Walk the Mile and Bear the Load

 Sunday, March 6, 2011

In one of those funny little coincidences, I have sung The Servant Song in both of "my" two churches in the past two weeks.


The first time was two weeks ago, in our Old Home Church. We made a quick trip up to MB to celebrate my grandmother's 90th birthday and catch up with all the other relatives who came out. It was a heart-brimming kind of a day, and it started with church in the morning.

(Also: there was communion. I have not remained dry-eyed during communion for approximately eight years. There's something all God's banquet table and community and holiness of the jumble of humanity about it.)

The second time was today at my New Home Church. This time, instead of singing from the pews, looking up at the screen for the lyrics, and catching the eye of smiling old friends, I sang it from the piano, where I played along with our fledgling worship team, sending smiles out towards the congregation as they held their hymnbooks.

My favourite line from that song is this one:

I will hold the Christ-light for you, in the nighttime of your fear...

I know that fear. The darkest, deepest parts of night. The down-in-the-bowels, depths-of-despair, stomach-knotting, oh-God-help-me fear. The kind where the days are one torturous, agonizingly slow minute plodding after another, but they're still preferable to the nights where you're alone with the "what if"s and the "why"s and "now what do I do?"s.

Years ago, I often went to my Old Home Church carrying that fear with me. I wept through many services in the back pew. It was horrible.

But.

It was a church where it was okay to weep. It was okay to be scared.

Because I wasn't alone. I was surrounded by people who loved me, who cared about me, and who did everything they could to guide me through that nighttime of my fear, carrying that light for me (since I had no strength to do much more than take each small step), until we got to the other side of it together.

When we moved to Minneapolis, I felt the loss of those Christ-light holders so keenly. I felt frightened - not the same dark fear - but still, apprehensive. We were this little island, just the four of us, alone in a strange city, dependent entirely on each other.
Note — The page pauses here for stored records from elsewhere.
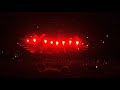 Taylor Swift's Reputation Stadium Tour - Bad Blood\Should've Said No. - Live - Pasadena, CA.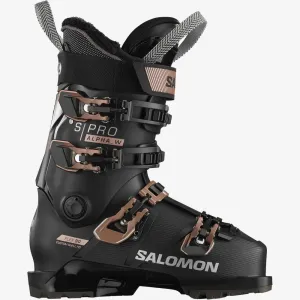 S/Pro Alpha 90 W Ski Boots 2024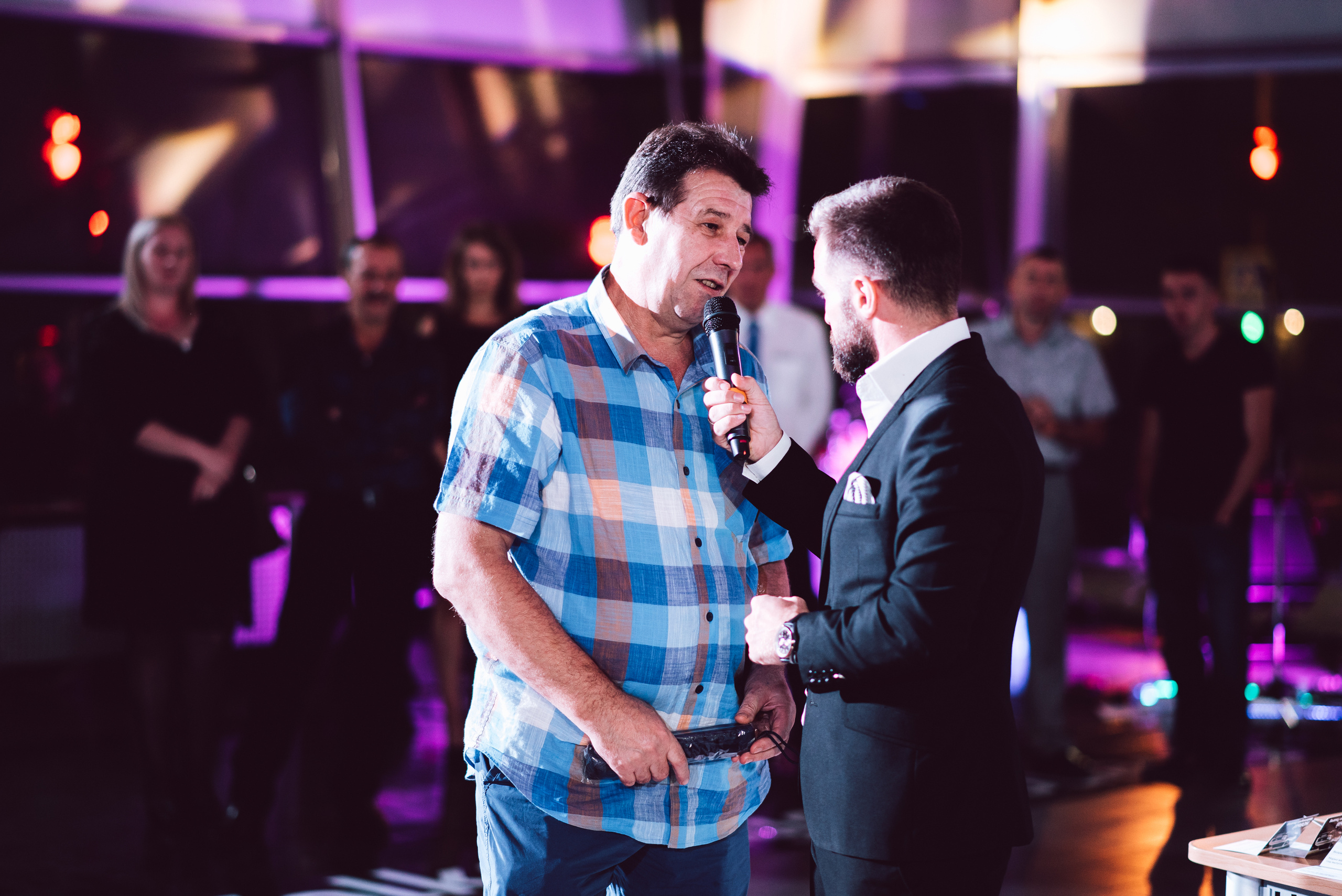 Презентация нового Touareg. Свадебный фотограф в Крыму Александр Богомазов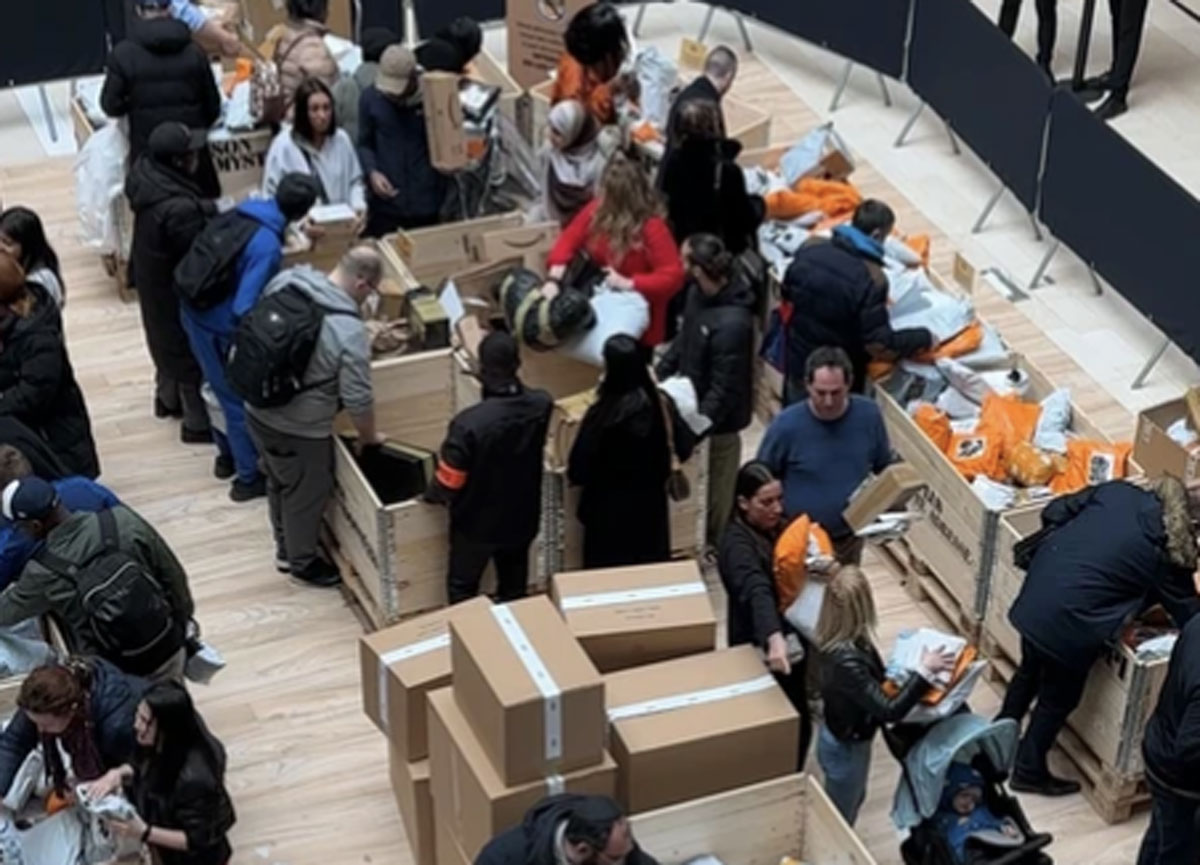 Poker shopping: acquisti a scatola chiusa: dal 14 gennaio a Roma prove di delirio con King Colis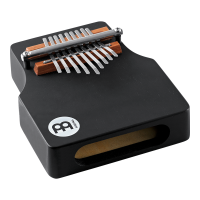 Meinl Percussion KA9WW Wah-Wah Kalimba Meinl Percussion KA9WW Wah-Wah Kalimba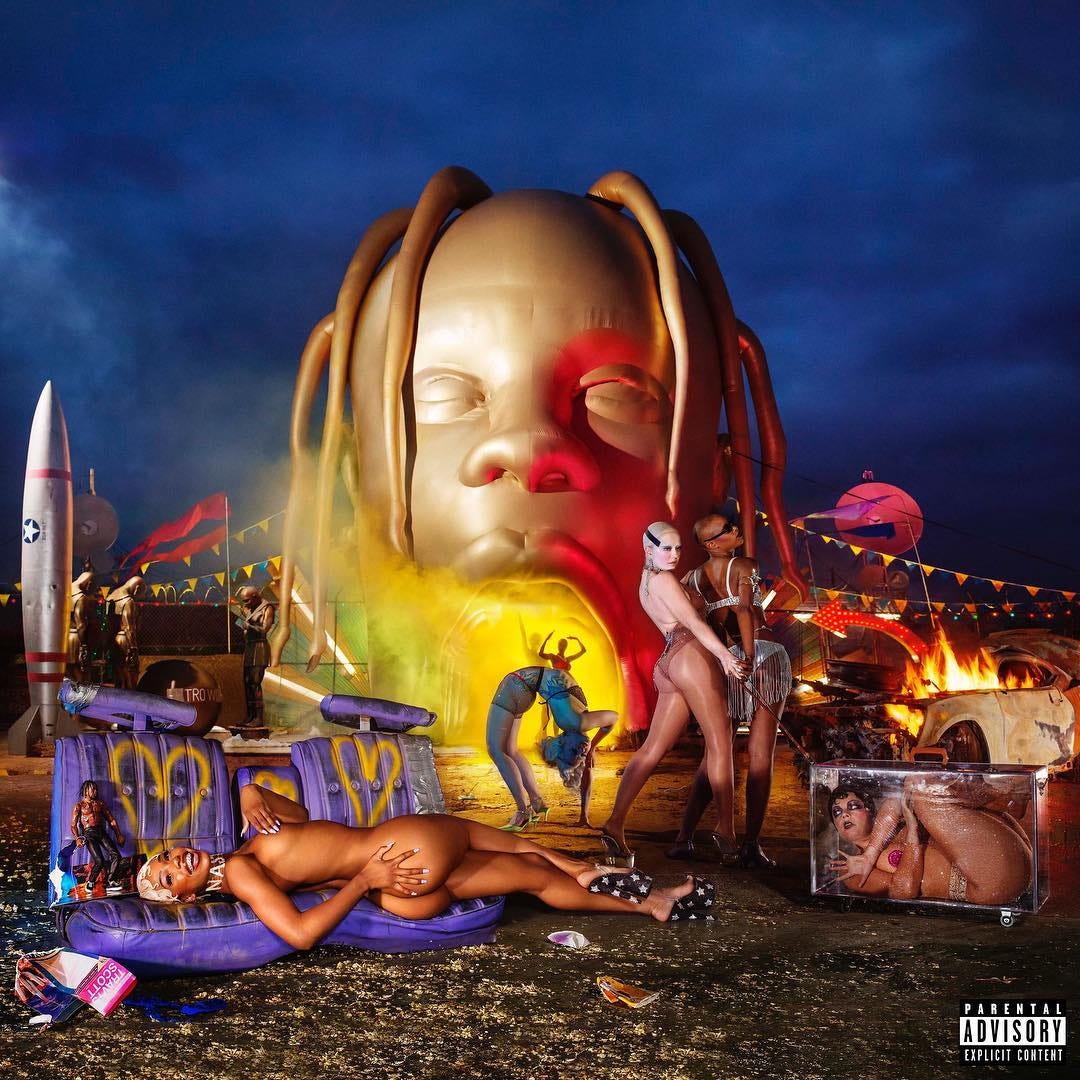 Ever wondered which Travis Scott track perfectly captures your vibe? Take this quiz to discover your ideal Travis Scott anthem that aligns with your personality and style.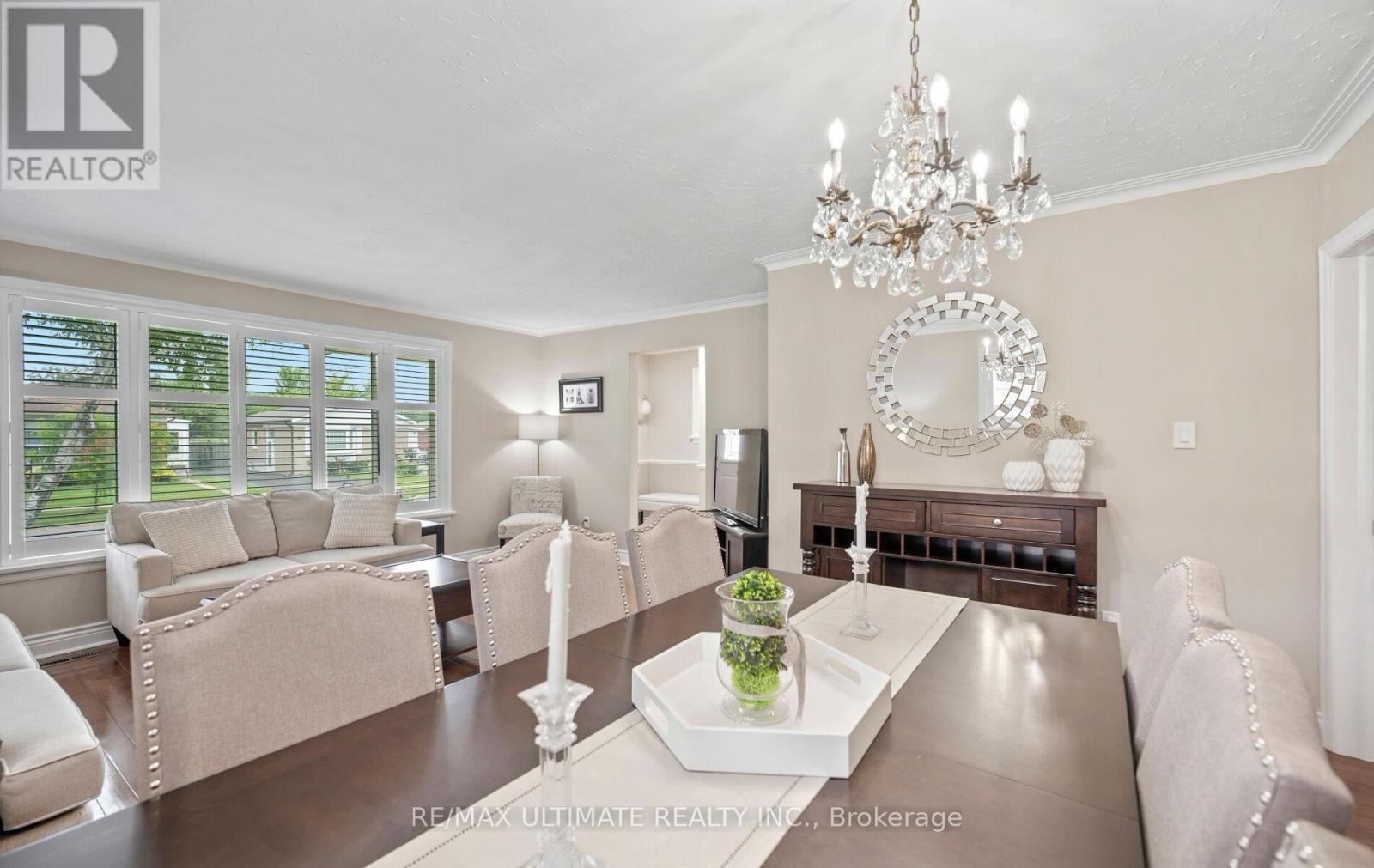 5 Mendip Crescent, Toronto, Ontario  M1P 1Y3 - Photo 15 - E13499358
I've always said that you know you're safe when you have The List. The list of people that you could call at 3 am, and that you know would respond unhesitatingly to whatever emergency warranted a call in the middle of the night. I had to leave that list behind when we moved, and it was pretty scary to not have it.
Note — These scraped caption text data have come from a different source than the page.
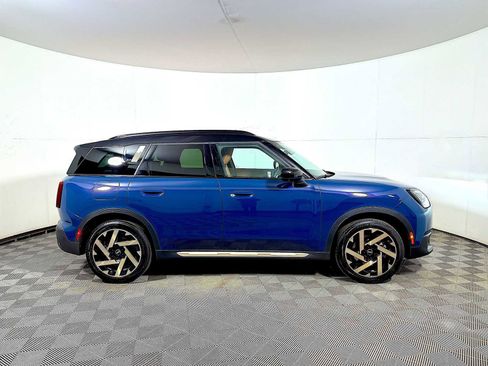Used 2025 MINI Cooper Countryman S image 7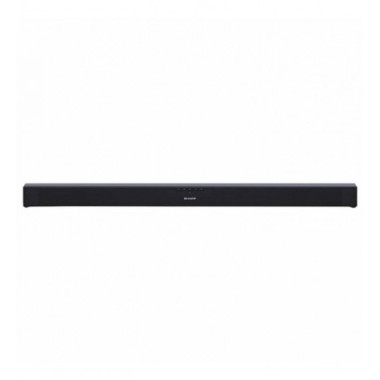 Barra de Sonido Sharp HT-SB140(MT) 150W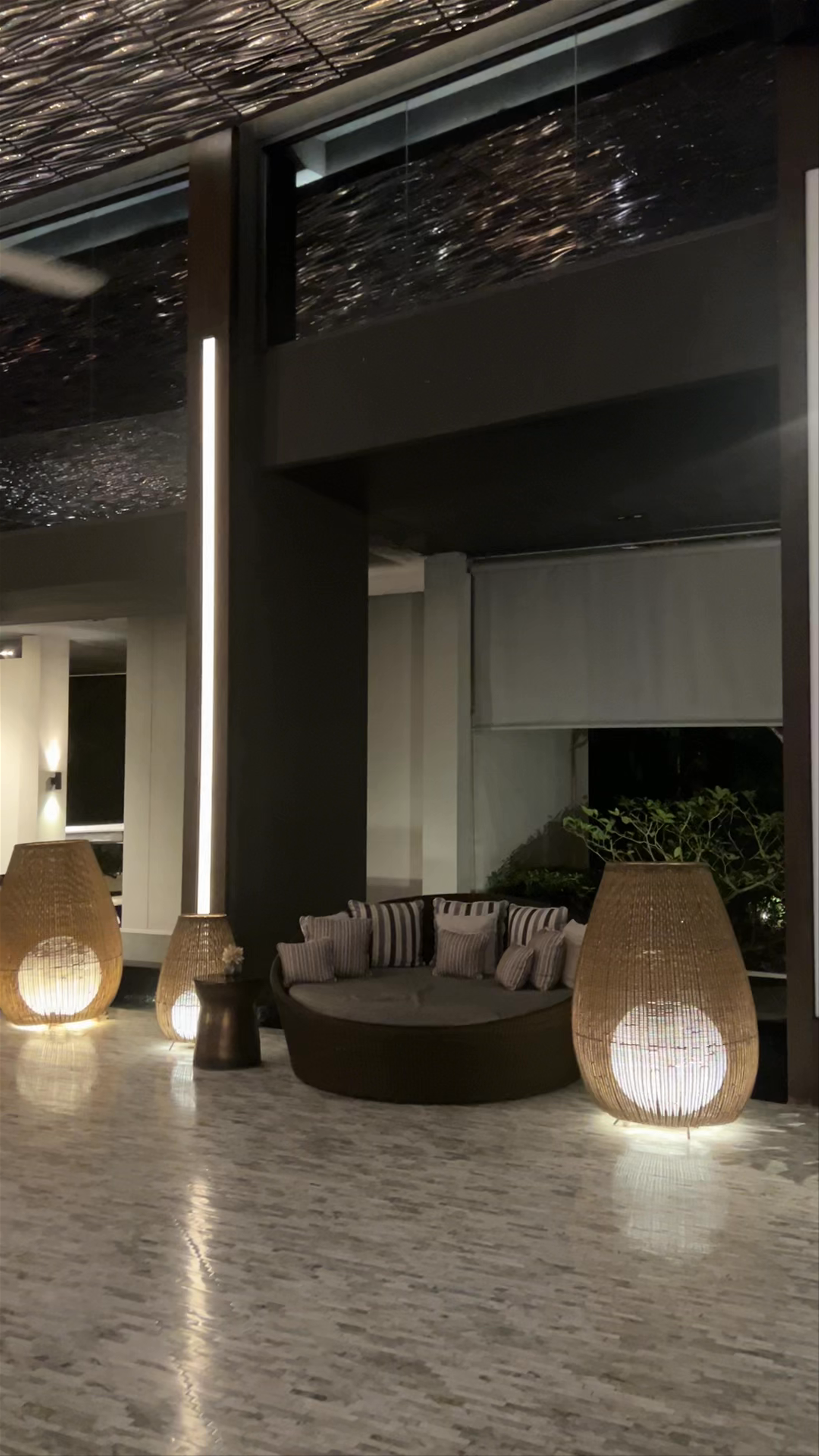 Fin Bar by The ShellSea Krabi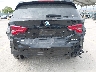 5UXTY3C02M9****** Salvage and Repairable 2021 BMW X3 in California State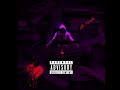 MBD TAHJ - strapped (Official audio) (Street knowledge) (ALBUM)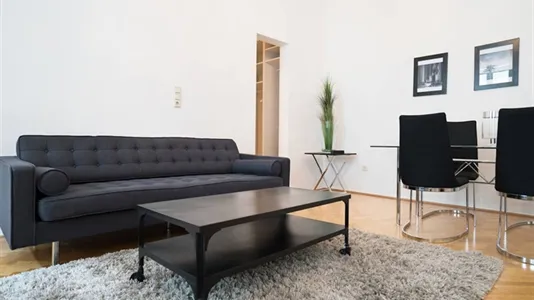 Apartments in Wien Neubau - photo 4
Days like today remind me that I have a new version of The List. I hope that I won't ever experience that nighttime of fear again, but if I do, I've got a whole bunch of people I can call. Like our church small group, including the retired couple who act as emergency contacts for our kids in case something happens.

It feels so good to have The List again. Everyone needs one; it's a cold and lonely feeling to think you're in it all alone. I've had that feeling, and I don't anymore, which is why I love being in church and singing songs that remind me of that....

I will hold my hand out to you, speak the peace you long to hear....

1 comments:

Marilyn P March 7, 2011 at 8:54 AM  

Beautiful ... but you should have warned me I'd need a kleenex to read this one! I, too, love my church family and would have been lost without it. Blessings on you!